**Entries supplied:**
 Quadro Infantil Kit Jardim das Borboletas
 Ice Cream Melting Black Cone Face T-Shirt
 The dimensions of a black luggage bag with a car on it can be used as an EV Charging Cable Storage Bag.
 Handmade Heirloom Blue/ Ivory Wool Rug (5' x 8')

---

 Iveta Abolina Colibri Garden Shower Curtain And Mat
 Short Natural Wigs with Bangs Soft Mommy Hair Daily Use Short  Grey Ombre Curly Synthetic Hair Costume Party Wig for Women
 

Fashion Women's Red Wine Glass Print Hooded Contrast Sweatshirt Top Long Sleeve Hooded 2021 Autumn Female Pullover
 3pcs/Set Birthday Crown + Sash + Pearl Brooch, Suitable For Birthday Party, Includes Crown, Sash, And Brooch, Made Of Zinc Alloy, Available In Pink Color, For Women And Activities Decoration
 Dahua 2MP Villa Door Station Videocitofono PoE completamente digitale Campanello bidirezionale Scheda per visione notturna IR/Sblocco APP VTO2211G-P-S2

**Aim of the task:**
From the material above, copy exactly the lines between the line holding "The dimensions of" and the line holding "Handmade Heirloom Blue/", inclusive, and only those.

**Response:**
 The dimensions of a black luggage bag with a car on it can be used as an EV Charging Cable Storage Bag.
 Handmade Heirloom Blue/ Ivory Wool Rug (5' x 8')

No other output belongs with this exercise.